▶ **GIVEN INFORMATION**:
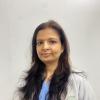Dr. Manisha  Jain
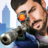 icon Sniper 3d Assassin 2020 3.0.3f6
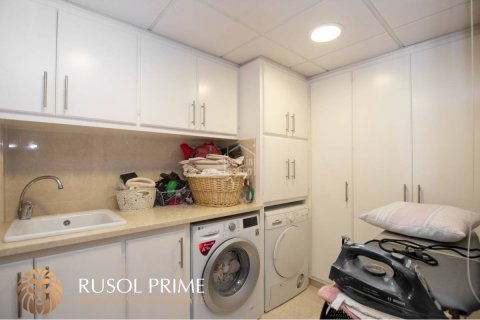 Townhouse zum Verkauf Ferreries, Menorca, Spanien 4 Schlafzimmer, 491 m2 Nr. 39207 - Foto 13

---

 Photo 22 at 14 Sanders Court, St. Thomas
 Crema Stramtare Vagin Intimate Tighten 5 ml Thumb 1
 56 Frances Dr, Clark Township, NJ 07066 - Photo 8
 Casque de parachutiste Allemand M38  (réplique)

▶ **PROBLEM REQUIREMENTS**:
Please copy every line of the material that contains the word "Photo".

▶ **OUTPUT OF THE EXERCISE**:
 Photo 22 at 14 Sanders Court, St. Thomas
 56 Frances Dr, Clark Township, NJ 07066 - Photo 8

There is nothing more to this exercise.